§ What to produce
Within the listing below, the lines to output run from the one containing "A participant checks" through the one containing "Personalized Baby Ceramic"; copy them exactly and nothing else.

§ Recorded information
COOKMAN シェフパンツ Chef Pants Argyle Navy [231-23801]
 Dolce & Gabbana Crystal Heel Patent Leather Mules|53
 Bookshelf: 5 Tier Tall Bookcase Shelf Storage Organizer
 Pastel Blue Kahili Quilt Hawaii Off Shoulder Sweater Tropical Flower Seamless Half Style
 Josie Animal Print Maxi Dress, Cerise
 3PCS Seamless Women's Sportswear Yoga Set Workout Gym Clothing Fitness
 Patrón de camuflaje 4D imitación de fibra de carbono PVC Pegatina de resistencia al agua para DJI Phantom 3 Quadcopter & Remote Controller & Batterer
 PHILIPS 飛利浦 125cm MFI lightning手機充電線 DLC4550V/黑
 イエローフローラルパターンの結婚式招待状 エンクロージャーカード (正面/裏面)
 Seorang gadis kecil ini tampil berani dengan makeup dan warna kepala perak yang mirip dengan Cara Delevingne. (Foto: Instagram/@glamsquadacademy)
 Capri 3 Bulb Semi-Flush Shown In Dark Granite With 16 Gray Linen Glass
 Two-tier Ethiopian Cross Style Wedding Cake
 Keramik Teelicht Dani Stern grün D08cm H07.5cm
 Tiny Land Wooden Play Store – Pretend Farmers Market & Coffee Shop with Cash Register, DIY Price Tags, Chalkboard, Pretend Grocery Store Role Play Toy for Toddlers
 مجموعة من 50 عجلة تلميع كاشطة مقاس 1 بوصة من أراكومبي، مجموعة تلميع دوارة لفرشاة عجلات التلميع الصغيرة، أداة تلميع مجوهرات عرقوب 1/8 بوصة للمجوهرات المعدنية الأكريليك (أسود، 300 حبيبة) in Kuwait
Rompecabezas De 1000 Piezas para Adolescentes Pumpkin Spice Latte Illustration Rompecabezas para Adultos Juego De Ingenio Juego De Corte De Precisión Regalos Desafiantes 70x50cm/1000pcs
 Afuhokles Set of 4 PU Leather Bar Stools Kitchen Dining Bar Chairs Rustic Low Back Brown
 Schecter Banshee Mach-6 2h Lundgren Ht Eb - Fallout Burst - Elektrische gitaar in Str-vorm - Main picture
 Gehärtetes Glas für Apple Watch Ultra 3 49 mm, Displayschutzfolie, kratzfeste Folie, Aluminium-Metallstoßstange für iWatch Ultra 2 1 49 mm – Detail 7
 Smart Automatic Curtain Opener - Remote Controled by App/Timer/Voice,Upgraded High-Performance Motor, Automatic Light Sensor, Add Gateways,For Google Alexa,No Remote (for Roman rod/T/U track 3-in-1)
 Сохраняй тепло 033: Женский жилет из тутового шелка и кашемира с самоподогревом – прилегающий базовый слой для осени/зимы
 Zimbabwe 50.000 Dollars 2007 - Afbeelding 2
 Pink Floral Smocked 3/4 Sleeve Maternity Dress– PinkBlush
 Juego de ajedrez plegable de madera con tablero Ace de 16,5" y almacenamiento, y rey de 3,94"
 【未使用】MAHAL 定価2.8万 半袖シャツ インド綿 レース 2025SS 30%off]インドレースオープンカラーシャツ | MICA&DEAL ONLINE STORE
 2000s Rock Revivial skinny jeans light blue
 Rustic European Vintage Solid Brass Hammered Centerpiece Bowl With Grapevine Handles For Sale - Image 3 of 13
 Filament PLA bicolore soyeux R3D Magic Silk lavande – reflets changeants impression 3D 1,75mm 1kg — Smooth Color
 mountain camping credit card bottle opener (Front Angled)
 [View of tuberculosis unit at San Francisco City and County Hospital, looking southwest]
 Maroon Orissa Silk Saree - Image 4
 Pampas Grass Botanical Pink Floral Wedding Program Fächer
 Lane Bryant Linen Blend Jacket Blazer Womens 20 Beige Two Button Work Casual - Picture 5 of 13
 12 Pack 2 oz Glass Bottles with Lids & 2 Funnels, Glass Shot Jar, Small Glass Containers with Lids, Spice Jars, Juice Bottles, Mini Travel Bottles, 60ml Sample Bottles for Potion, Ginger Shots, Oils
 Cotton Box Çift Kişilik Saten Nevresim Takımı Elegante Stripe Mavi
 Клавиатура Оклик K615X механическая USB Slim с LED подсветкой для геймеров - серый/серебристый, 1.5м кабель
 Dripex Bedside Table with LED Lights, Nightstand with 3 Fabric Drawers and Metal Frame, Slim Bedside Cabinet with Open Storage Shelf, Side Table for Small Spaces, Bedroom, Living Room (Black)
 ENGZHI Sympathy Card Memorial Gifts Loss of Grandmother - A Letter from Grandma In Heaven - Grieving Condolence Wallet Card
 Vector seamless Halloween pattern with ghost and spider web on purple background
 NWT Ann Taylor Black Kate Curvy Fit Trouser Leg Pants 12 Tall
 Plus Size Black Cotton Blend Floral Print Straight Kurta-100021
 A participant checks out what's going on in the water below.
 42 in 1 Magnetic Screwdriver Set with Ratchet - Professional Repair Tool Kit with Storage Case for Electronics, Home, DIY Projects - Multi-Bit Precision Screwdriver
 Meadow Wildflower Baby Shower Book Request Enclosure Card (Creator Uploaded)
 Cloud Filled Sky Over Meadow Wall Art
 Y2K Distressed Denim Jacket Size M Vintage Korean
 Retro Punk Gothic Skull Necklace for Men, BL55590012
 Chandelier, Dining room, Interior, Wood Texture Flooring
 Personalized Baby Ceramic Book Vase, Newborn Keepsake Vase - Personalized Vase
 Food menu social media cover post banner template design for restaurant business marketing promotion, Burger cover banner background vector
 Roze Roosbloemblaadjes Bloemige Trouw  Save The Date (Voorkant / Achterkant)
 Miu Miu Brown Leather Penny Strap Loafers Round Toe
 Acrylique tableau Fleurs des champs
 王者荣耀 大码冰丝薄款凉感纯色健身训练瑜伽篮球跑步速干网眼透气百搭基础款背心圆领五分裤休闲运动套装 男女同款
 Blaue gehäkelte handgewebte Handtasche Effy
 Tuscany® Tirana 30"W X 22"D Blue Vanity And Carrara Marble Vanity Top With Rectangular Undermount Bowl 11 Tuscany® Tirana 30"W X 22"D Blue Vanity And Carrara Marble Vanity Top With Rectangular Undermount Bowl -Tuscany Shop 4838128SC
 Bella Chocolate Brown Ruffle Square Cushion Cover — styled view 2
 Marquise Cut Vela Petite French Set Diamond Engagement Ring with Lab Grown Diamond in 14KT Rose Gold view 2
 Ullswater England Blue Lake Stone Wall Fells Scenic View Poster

§ Answer area
 A participant checks out what's going on in the water below.
 42 in 1 Magnetic Screwdriver Set with Ratchet - Professional Repair Tool Kit with Storage Case for Electronics, Home, DIY Projects - Multi-Bit Precision Screwdriver
 Meadow Wildflower Baby Shower Book Request Enclosure Card (Creator Uploaded)
 Cloud Filled Sky Over Meadow Wall Art
 Y2K Distressed Denim Jacket Size M Vintage Korean
 Retro Punk Gothic Skull Necklace for Men, BL55590012
 Chandelier, Dining room, Interior, Wood Texture Flooring
 Personalized Baby Ceramic Book Vase, Newborn Keepsake Vase - Personalized Vase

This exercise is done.